A complaint about US citizen POWs from CATO

Note however that there is quite a bit of precedent for holding US citizens as POWs. Lincoln held about 215,000 US citizen POWs (who were wearing gray at the time). In an undeclared war no less.

Also as to duration, we had no idea how long the Cold War would last either -- Harry Elmer Barnes "Perpetual War for Perpetual Peace" -- and I recall that in 1984, I didn't think that it would end 5 years later.

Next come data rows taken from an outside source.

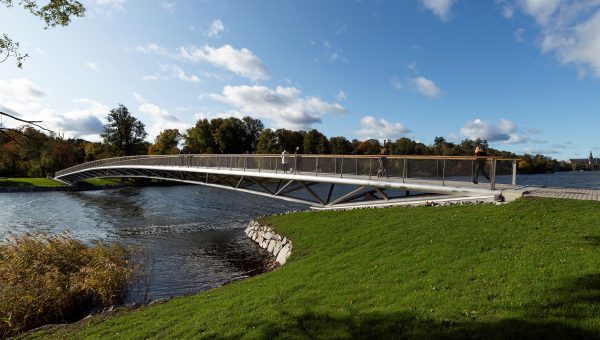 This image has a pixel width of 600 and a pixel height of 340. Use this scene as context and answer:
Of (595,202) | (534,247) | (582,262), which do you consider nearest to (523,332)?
(582,262)

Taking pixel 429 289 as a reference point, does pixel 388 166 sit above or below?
above

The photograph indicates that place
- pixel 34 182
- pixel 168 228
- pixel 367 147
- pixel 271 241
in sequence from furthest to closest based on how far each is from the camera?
pixel 367 147 < pixel 34 182 < pixel 168 228 < pixel 271 241

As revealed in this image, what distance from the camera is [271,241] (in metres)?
17.0

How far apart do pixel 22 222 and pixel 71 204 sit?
40.3ft

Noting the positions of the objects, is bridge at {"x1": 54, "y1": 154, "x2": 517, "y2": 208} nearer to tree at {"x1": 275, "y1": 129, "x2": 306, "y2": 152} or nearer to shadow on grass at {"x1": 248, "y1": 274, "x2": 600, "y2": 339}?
shadow on grass at {"x1": 248, "y1": 274, "x2": 600, "y2": 339}

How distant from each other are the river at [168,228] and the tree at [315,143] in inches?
1679

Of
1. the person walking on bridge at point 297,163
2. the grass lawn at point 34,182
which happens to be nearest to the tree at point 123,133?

There was also the fear that we wouldn't know when the Cold War ended. In the end, we did. I also recall the Malaysian Insurgency which lasted from 1948 or so until the '90s when the last communist unit got too old and retired.

It can take a while.

The Napoleonic wars lasted around 26 years from '89 to '15.

At this point in WWII, FDR had interned more than 200,000 US citizens and enemy aliens (out of a much smaller population). The max that the US is holding right now is 2K. Not too many yet.
Saw two previews at the local Cineplex over the weekend. Both for slacker films: Blue Crush (a Surf Chick Flick) and 8 Mile (Eminem's debut as Detroit trailer trash living near 8 Mile Road).

The peculiarity of these films is that the making of them contradicts their subjects. The making a modern theatrical release takes the focussed effort of thousands of people over several years. If the film makers emulated their subjects, the film would never be made. So the existence of the film proves that the subjects of the film (in these cases) are pathetic losers who have nothing but themselves to blame.